The process of ending a marriage is frequently an emotionally draining experience. Once the final divorce decree has been granted, it does not always mark the end of interactions with a former spouse. Colorado residents who have endured the process may find that their settlement agreement can be the best source for resolving disputes.

In many situations, a dissolution does not necessarily end the relationship -- especially when children or a business still require input from both parties. In these regular or unavoidable interactions, it is possible that either party may tend to extend courtesies that are not required by the agreement.
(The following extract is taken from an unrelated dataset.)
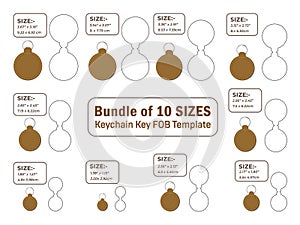 Cricle shape keychain key FOB Dieline Template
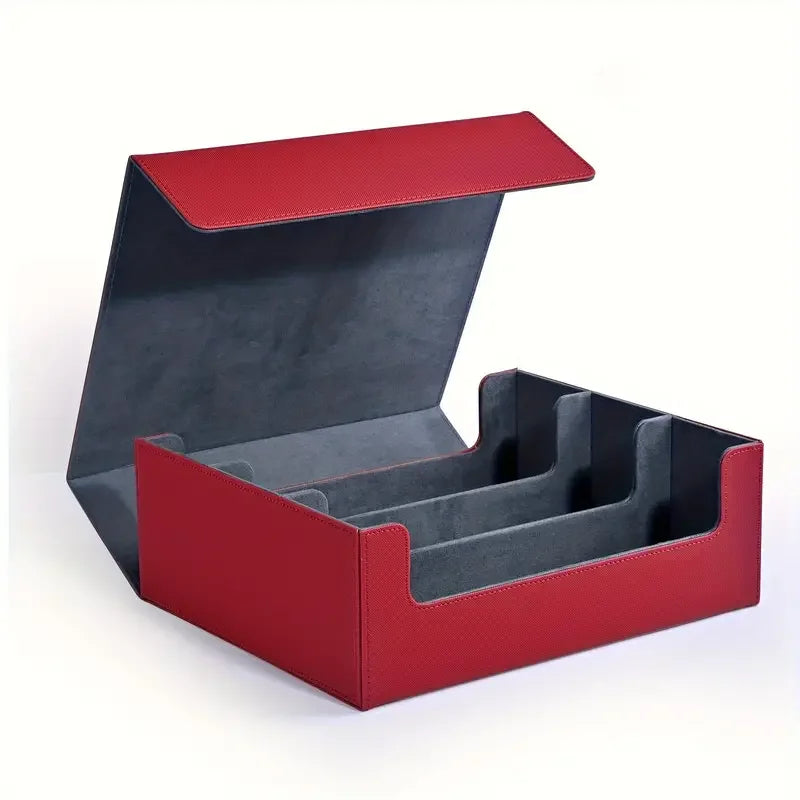 Red PU leather trading card storage box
If, over time, one former spouse demonstrates an inclination to exploit this kindness, it can become a point of contention between the two parties.

Some former partners may suggest that the change in behavior or attitude sets a precedent that makes the official settlement agreement null and void. If these expectations are not what the other party intended, then it is legal and acceptable to revert back to the terms set forth in the agreement. When disputes arise, a family court judge will simply enforce the terms in the agreement and will not change any points unless there is a formal petition submitted. However, in many situations, merely enforcing the terms of the existing contract will be adequate to prevent a former spouse from deviating from the terms.

In order to ensure that a divorce settlement best meets one's needs, it is beneficial to play an active role in the creation of these documents. While there may be occasions that arise that cannot be settled using the terms of the contract, the majority of the time, simply abiding by the parameters previously set forth will be sufficient to quell any disagreements. Colorado residents who are preparing to initiate their own divorce action may choose to consult with an experienced family law attorney in order to arrive at the settlement that will best represent their individual needs.